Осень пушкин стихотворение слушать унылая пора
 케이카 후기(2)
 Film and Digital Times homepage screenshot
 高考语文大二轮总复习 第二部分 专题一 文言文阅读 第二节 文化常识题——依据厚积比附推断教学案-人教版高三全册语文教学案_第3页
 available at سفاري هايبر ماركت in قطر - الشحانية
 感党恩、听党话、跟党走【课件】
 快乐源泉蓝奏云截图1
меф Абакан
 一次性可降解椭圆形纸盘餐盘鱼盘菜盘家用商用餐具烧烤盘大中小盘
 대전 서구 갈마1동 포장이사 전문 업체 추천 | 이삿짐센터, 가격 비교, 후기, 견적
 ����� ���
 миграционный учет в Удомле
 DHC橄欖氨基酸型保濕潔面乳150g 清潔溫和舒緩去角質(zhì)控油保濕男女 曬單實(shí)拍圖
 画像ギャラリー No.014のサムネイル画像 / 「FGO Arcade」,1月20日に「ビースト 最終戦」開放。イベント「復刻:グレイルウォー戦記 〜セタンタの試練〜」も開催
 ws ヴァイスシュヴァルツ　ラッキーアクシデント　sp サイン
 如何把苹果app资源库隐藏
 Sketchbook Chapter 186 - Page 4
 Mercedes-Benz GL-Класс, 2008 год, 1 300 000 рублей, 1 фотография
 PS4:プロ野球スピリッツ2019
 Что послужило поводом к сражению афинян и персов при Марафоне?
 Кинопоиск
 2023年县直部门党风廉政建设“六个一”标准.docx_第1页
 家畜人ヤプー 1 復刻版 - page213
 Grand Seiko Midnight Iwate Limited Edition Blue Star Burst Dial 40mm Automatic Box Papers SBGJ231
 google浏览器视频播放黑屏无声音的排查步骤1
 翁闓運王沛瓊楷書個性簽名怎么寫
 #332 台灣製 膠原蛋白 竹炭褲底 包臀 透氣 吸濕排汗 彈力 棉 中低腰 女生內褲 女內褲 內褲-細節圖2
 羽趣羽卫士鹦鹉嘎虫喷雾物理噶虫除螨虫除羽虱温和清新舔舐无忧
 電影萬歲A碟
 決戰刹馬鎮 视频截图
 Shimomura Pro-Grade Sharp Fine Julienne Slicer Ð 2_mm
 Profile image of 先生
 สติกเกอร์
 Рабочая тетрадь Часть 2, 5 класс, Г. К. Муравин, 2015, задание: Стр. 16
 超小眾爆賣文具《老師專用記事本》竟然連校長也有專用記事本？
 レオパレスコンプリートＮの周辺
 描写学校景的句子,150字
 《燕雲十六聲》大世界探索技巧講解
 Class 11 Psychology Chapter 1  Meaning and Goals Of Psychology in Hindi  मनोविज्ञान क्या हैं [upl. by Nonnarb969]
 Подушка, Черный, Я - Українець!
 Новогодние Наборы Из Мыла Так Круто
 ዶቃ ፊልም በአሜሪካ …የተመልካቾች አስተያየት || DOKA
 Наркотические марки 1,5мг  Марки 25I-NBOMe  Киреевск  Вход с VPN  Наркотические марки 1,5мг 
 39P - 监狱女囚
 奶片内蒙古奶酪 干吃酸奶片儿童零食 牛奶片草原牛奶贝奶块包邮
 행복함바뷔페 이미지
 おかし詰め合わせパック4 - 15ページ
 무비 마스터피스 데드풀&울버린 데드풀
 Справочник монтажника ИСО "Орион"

### Task to complete
Every line of the material above that includes the string "Chapter" is required.

### Exercise output
 Sketchbook Chapter 186 - Page 4
 Class 11 Psychology Chapter 1  Meaning and Goals Of Psychology in Hindi  मनोविज्ञान क्या हैं [upl. by Nonnarb969]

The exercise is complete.